Baker's Dozen

Artists discuss the 13 records that shaped their lives

2. T. RexElectric Warrior

Dad was a fighter pilot in the United States Air Force. He would be stationed in a new location, somewhere on earth, every four years. In my early teens we lived on base at Upper Heyford in Oxfordshire, England. That was a good time to live in Ol’ Blighty; Slade, Queen, The Sweet, Led Zeppelin, Bowie, Roxy Music, Suzi Quatro and T. Rex! A few blocks from our house was a nicely wooded, grassy park that I would occasionally pitch a tent in and “camp” overnight. It made me feel pretty independent and responsible to not be inside the security of my parents’ home.
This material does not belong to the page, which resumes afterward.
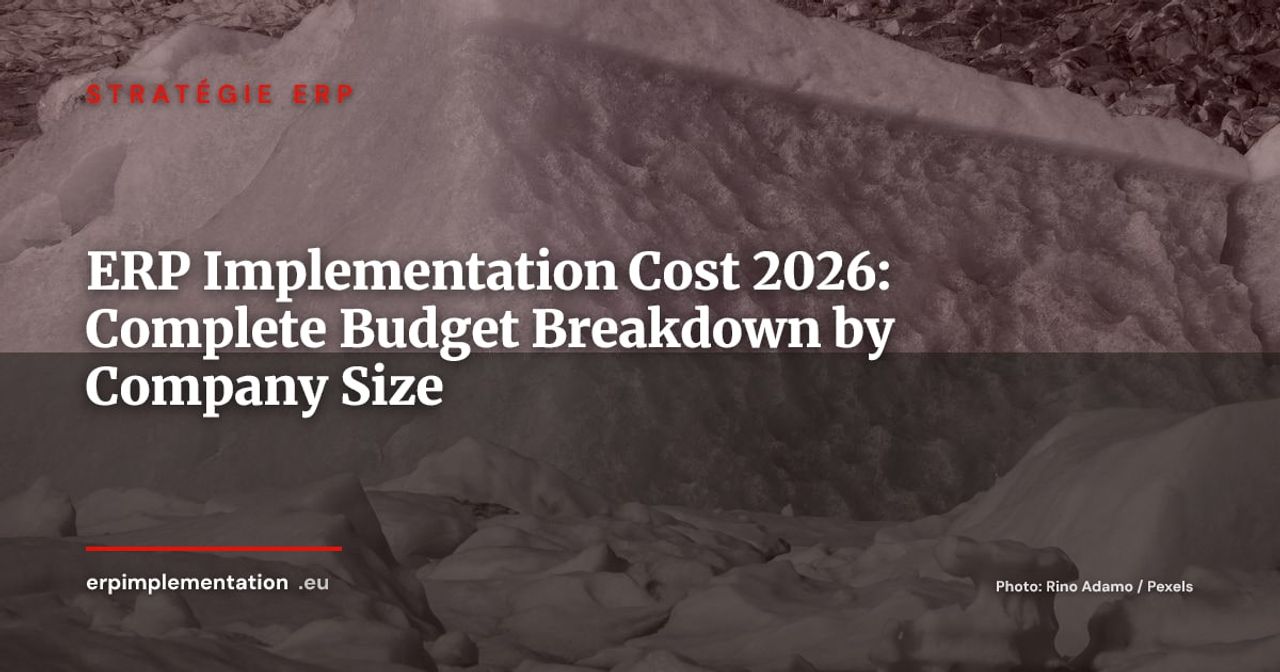 ERP Implementation Cost: What to Budget in 2026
On one of my tented excursions I was laying in my ‘cowboys and Indians’ print sleeping bag listening to Electric Warrior on my ultra modern portable eight-track player when I was startled by a “hello?” at my tent flap. It was the ‘new girl’ whose family had just moved in down the street. She told me that she looooved T-Rex and that she desperately wanted to meet Marc Bolan. We munched on Golden Wonder crisps and talked about Top Of The Pops. I unsuccessfully tried to convince her that Slade were better than all the other singing groups. After a while we opened my sleeping bag as wide as it goes, got under it and made out. Not with tongues or anything icky like that, just sorta smished our closed mouths on each other while Marc Bolan told us that life is a gas.